[[ AVAILABLE DATA, beginning ]]

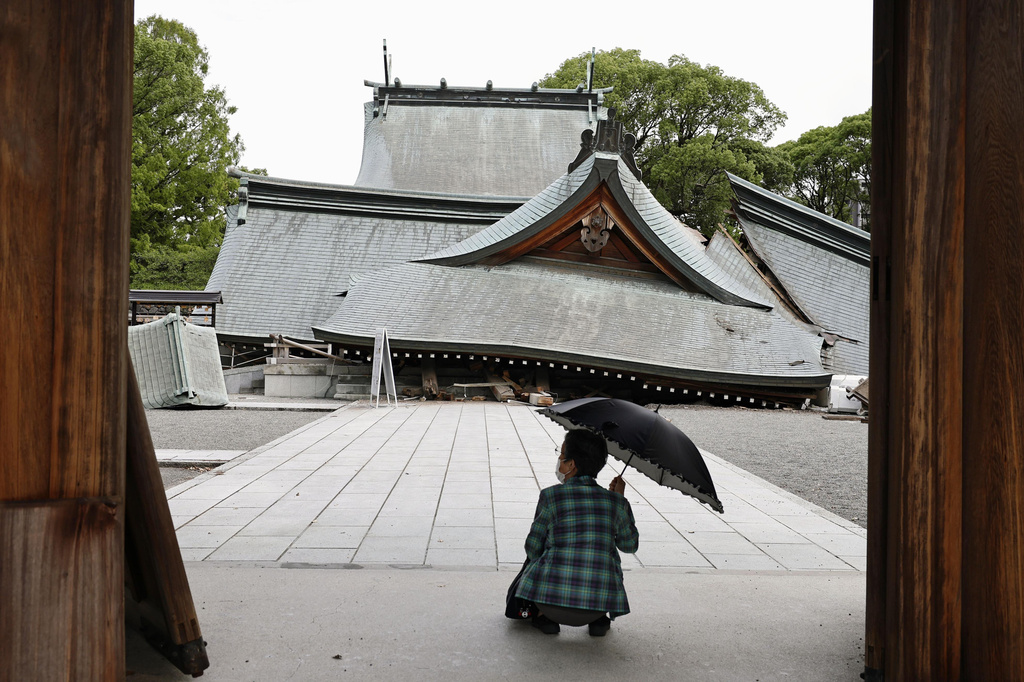 A visitor looks at the fallen roofs of the Yatsuhiro Shrine, a day after an earthquake in Yatsushiro, Kumamoto prefecture, Wednesday, July 29, 2026.(Juntaro Yokoyama/Kyodo News via AP)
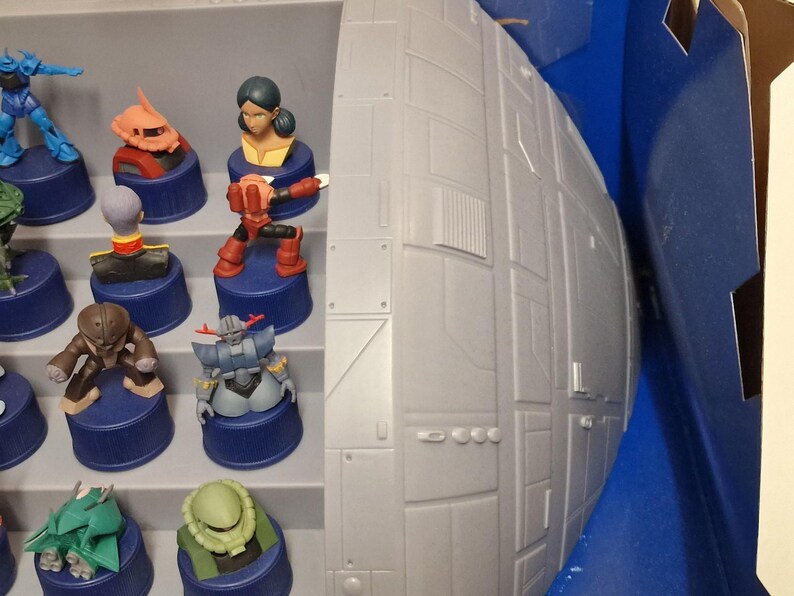 May include: A collection of colorful miniature figurines, each mounted on a blue cylindrical base. The figurines depict various characters, with details in red, orange, blue, and green. A large, gray, spherical structure is visible on the right side of the image.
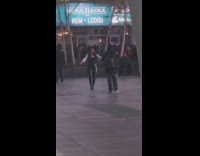 Fashionable Lady Dances and Sings on Walkway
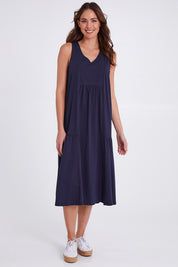 Model Madeline wearing size S of the Veuve Cotton Dress in colour Navy (Blue), from the front, showing the whole outfit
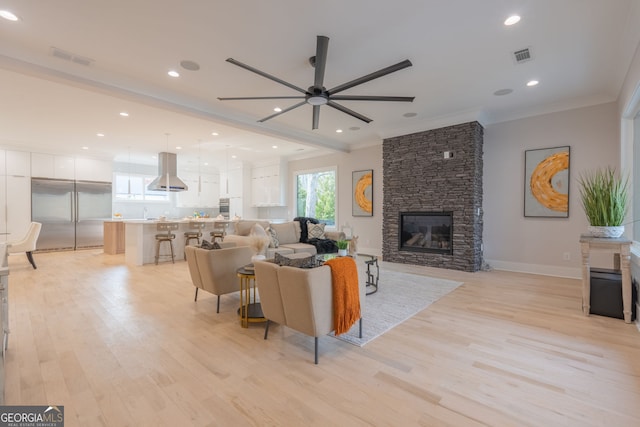 living room with crown molding, ceiling fan, a fireplace, and light hardwood / wood-style flooring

[[ AVAILABLE DATA, end ]]

**ACTION ITEM:**
Print every entry exactly; omit the pictures.

**ANSWER TO THIS TASK:**
 A visitor looks at the fallen roofs of the Yatsuhiro Shrine, a day after an earthquake in Yatsushiro, Kumamoto prefecture, Wednesday, July 29, 2026.(Juntaro Yokoyama/Kyodo News via AP)
 May include: A collection of colorful miniature figurines, each mounted on a blue cylindrical base. The figurines depict various characters, with details in red, orange, blue, and green. A large, gray, spherical structure is visible on the right side of the image.
 Fashionable Lady Dances and Sings on Walkway
 Model Madeline wearing size S of the Veuve Cotton Dress in colour Navy (Blue), from the front, showing the whole outfit
 living room with crown molding, ceiling fan, a fireplace, and light hardwood / wood-style flooring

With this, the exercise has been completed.